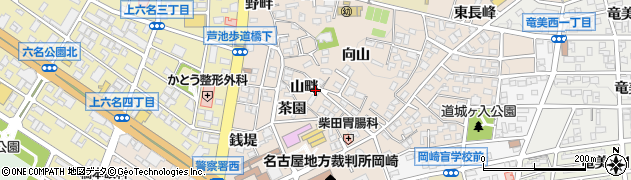 愛知県岡崎市明大寺町山畔周辺の地図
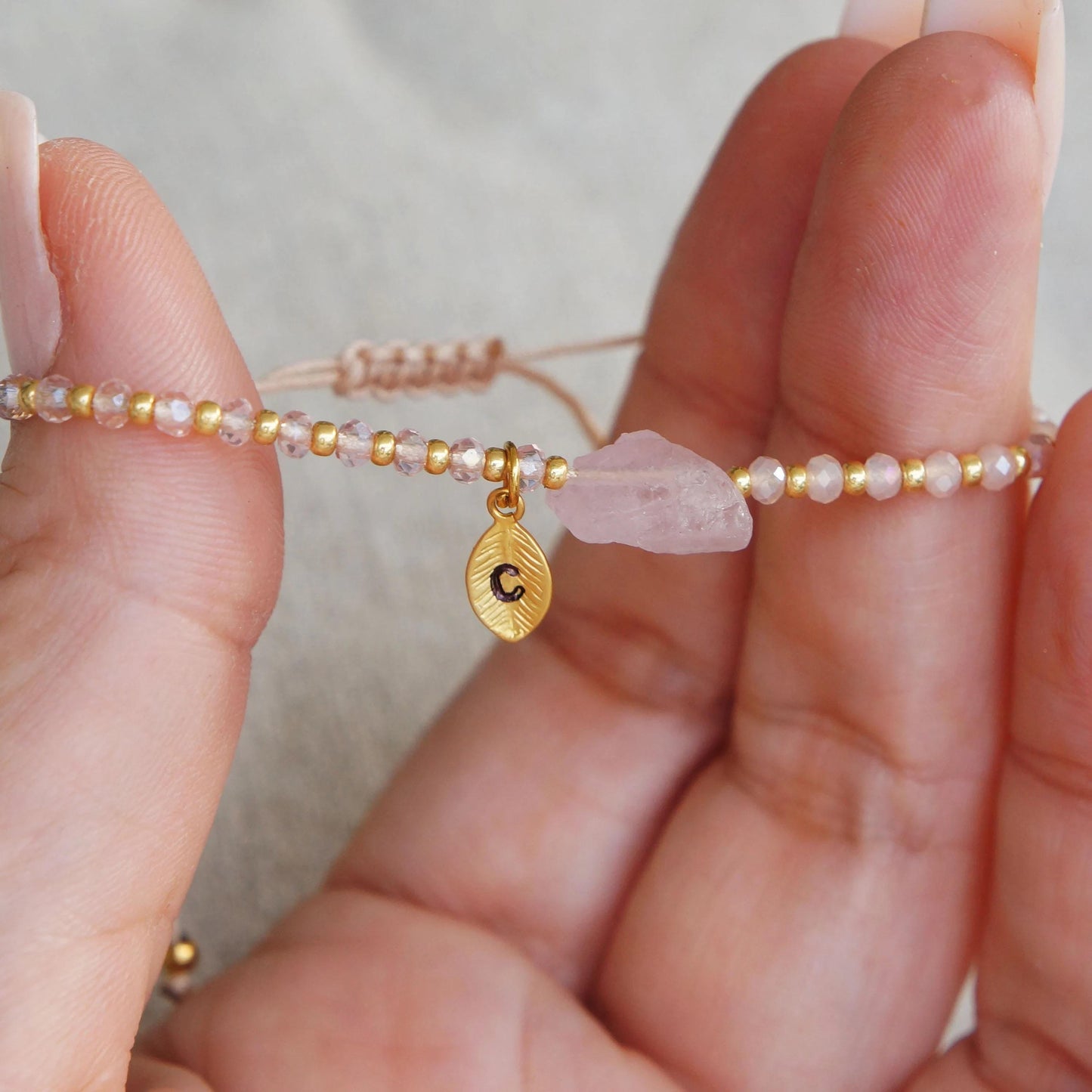 Raw Rose Quartz Beaded Bracelet, Spiritual Stone Jewelry, CUSTOM Cord Bracelet, Energy Healing Bracelet, Rough Natural Crystal, Protection
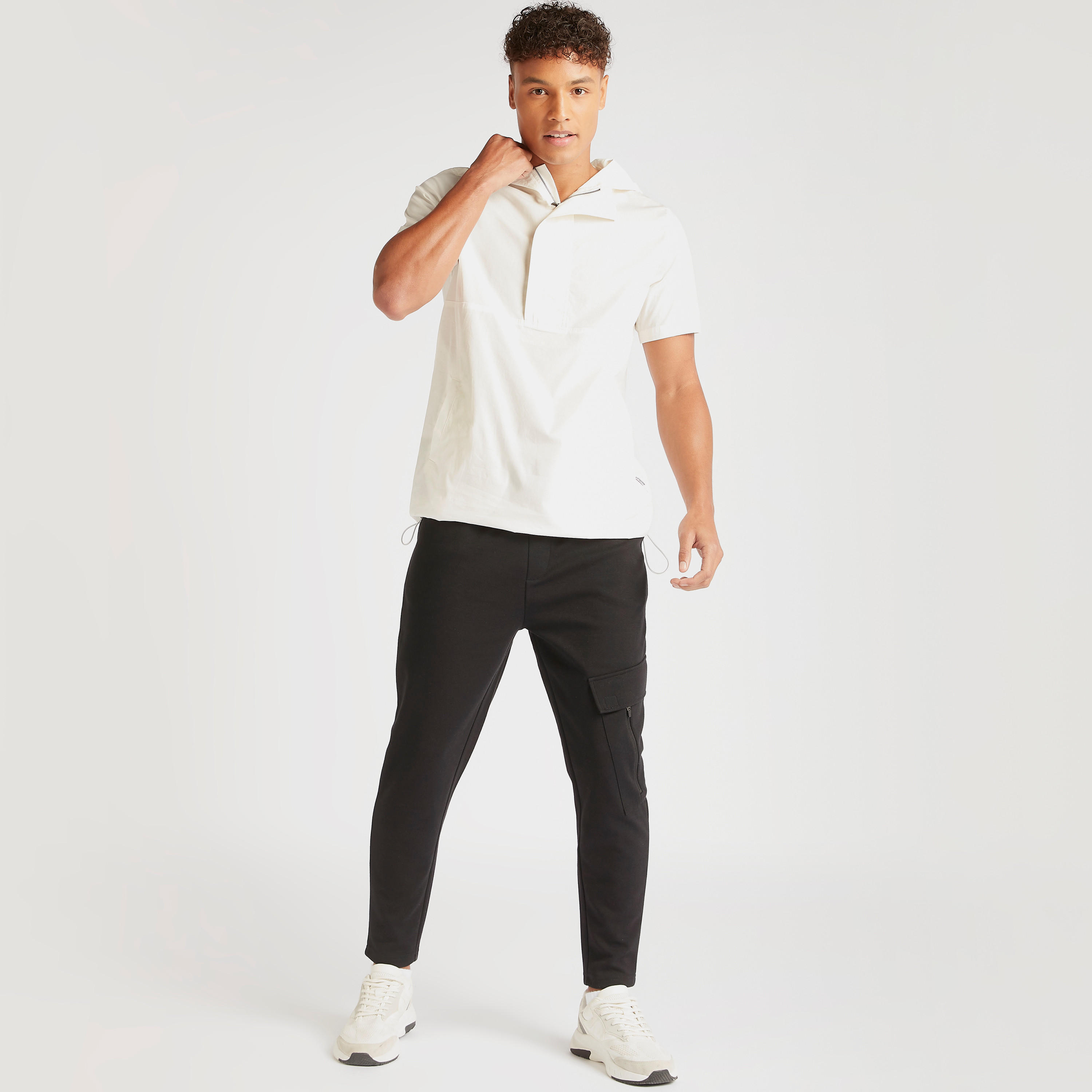 Solid Hooded Shirt with Short Sleeves and Kangaroo Pockets-men-clothing-shirts-image-2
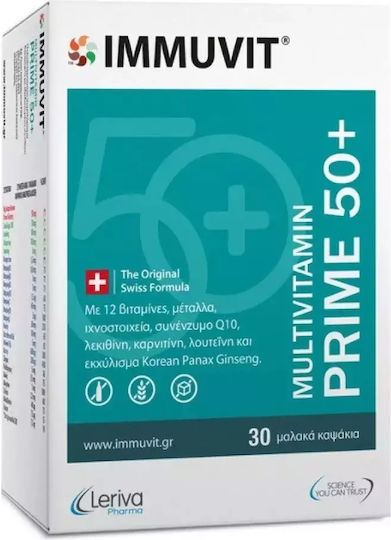 Leriva Pharma Immuvit Prime 50+ Πολυβιταμίνη για Ενίσχυση του Ανοσοποιητικού 30 μαλακές κάψουλες
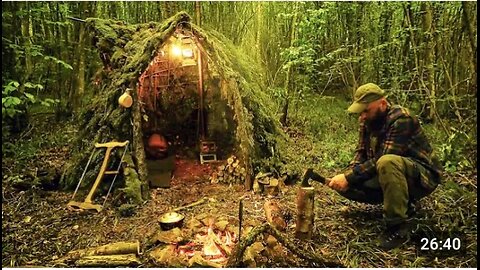 Building a Survival Shelter in a Forest (8K) | Camp Food from Natural Herbs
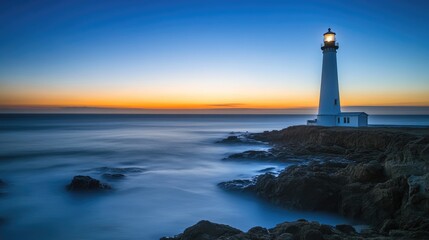 Fototapeta premium A historic lighthouse standing tall on a rocky coastline, guiding ships under a dramatic sunset sky, symbolizing coastal tourism.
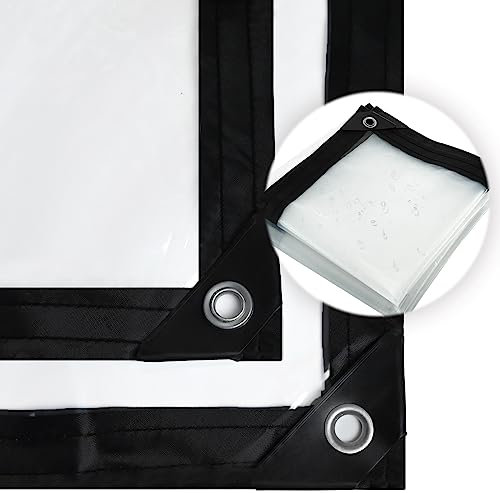 Telone impermeabile trasparente con occhielli, impermeabile, trasparente, in polietilene, resistente alle intemperie, pieghevole, con corde elastiche da 5 m.(3 x 4 m)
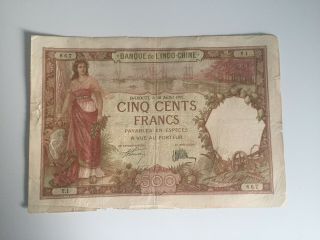 500 Francs Fine Banknote French Somaliland 1927 Pick - 9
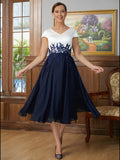 Raven A-Line/Princess Chiffon Applique V-neck Short Sleeves Tea-Length Mother of the Bride Dresses STIP0020349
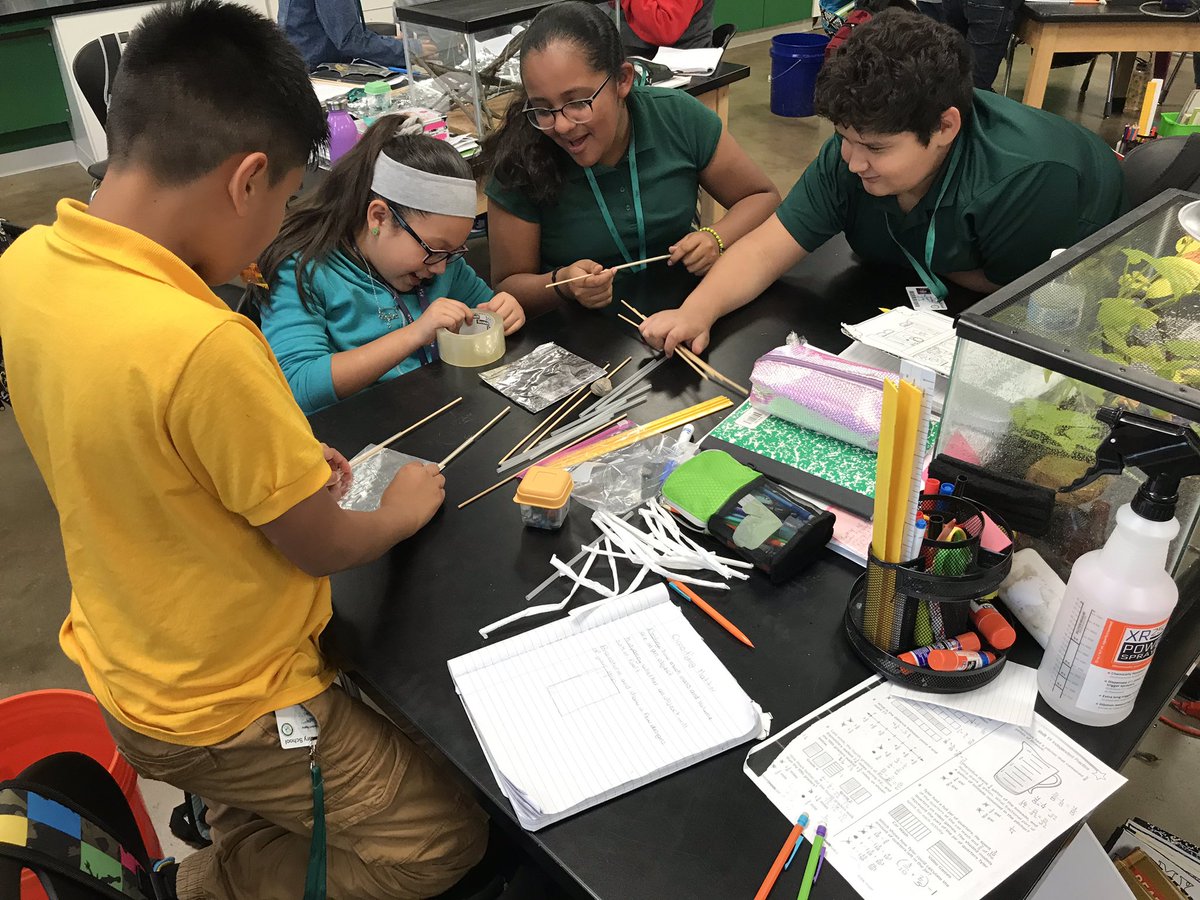JKBaker_15's tweet photo. Today in science we built barges with the goal of seeing which group’s could hold the most weight to demonstrate how mass and volume affect density and buoyancy! @JamesBerryES @HoustonISD #NorthLightsTheWay https://t.co/2wUJJHxXFl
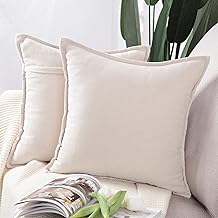 Madizz 2er Set kurzen Chenille Zierkissenbezüge weicher dekorativer Kissenbezug für Sofa, Schlafzimmer Kissenhülle Creme Weiß 40x40 cm Quadrat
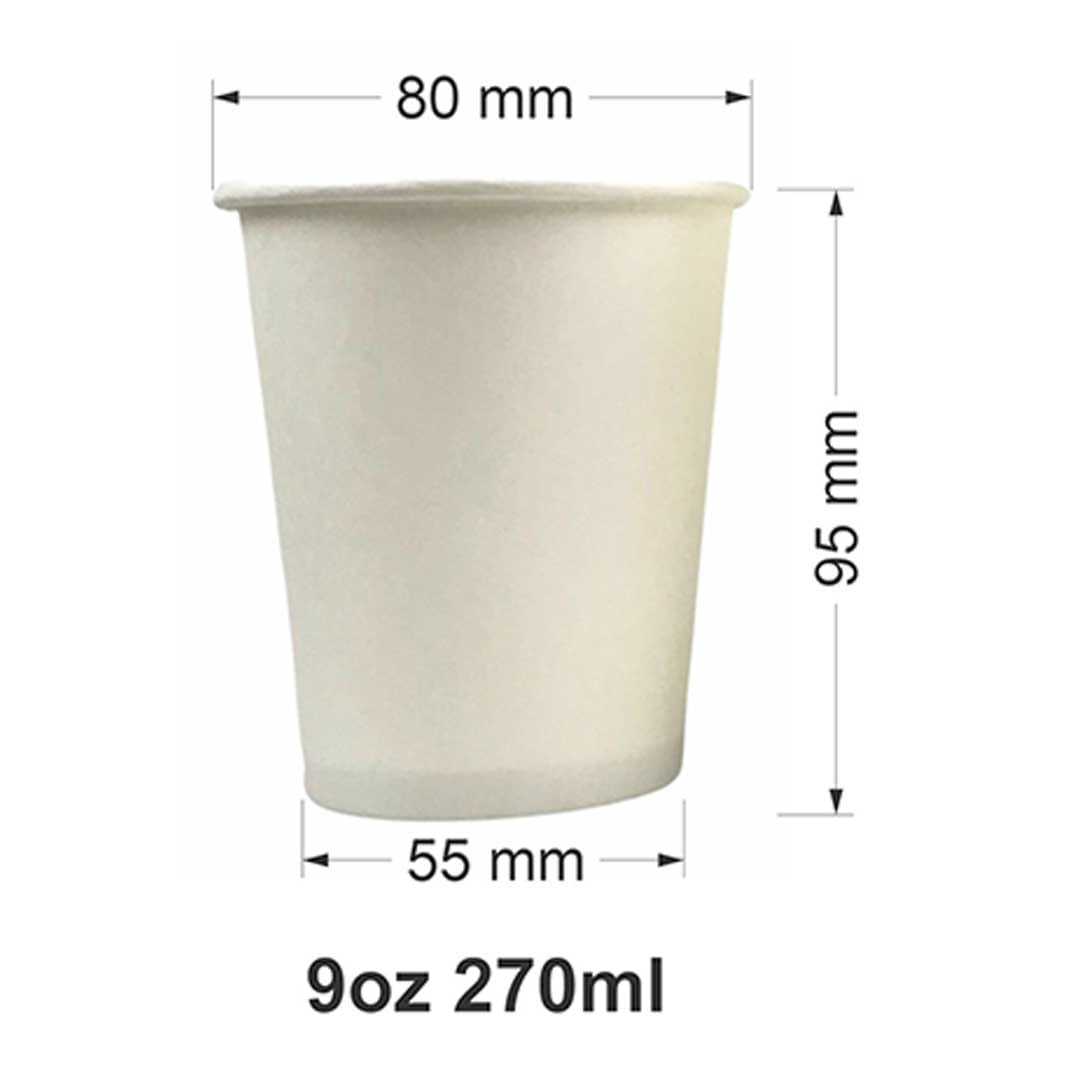 Lốc 10 cái Ly Giấy Trơn 270ml (9oz) chính hãng Hunufa tại VPP Bến Tre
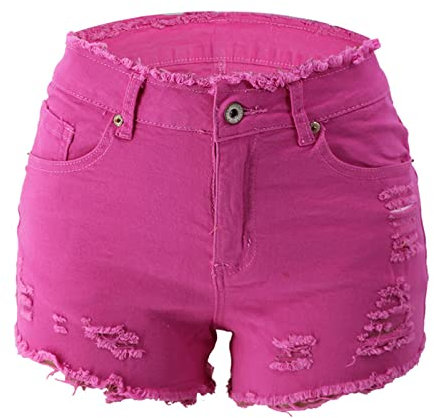 Shorts Denim con Zip strappato a Zip Jeans da Ballo,Rosa,XL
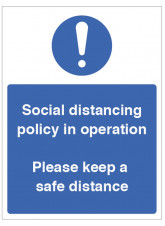 Social Distancing Policy in Operation - 1m / 2m / Generic Distance Options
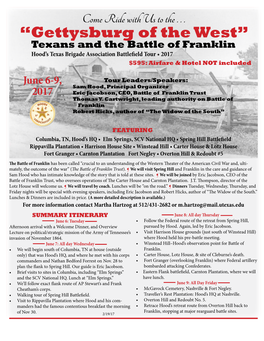 “Gettysburg of the West” Texans and the Battle of Franklin Hood’S Texas Brigade Association Battlefield Tour • 2017 $595: Airfare & Hotel NOT Included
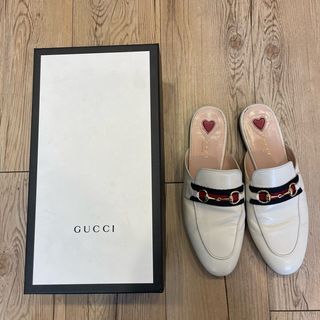 正品Gucci 米白色馬鉗釦穆勒拖鞋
* * *
Without the pictures, give again exactly the lines above starting at the line containing "Telone impermeabile trasparente" and ending at the line containing "JKBaker_15's tweet photo.".

◆ **Response area**
 Telone impermeabile trasparente con occhielli, impermeabile, trasparente, in polietilene, resistente alle intemperie, pieghevole, con corde elastiche da 5 m.(3 x 4 m)
 500 Francs Fine Banknote French Somaliland 1927 Pick - 9
 Raven A-Line/Princess Chiffon Applique V-neck Short Sleeves Tea-Length Mother of the Bride Dresses STIP0020349
JKBaker_15's tweet photo. Today in science we built barges with the goal of seeing which group’s could hold the most weight to demonstrate how mass and volume affect density and buoyancy! @JamesBerryES @HoustonISD #NorthLightsTheWay https://t.co/2wUJJHxXFl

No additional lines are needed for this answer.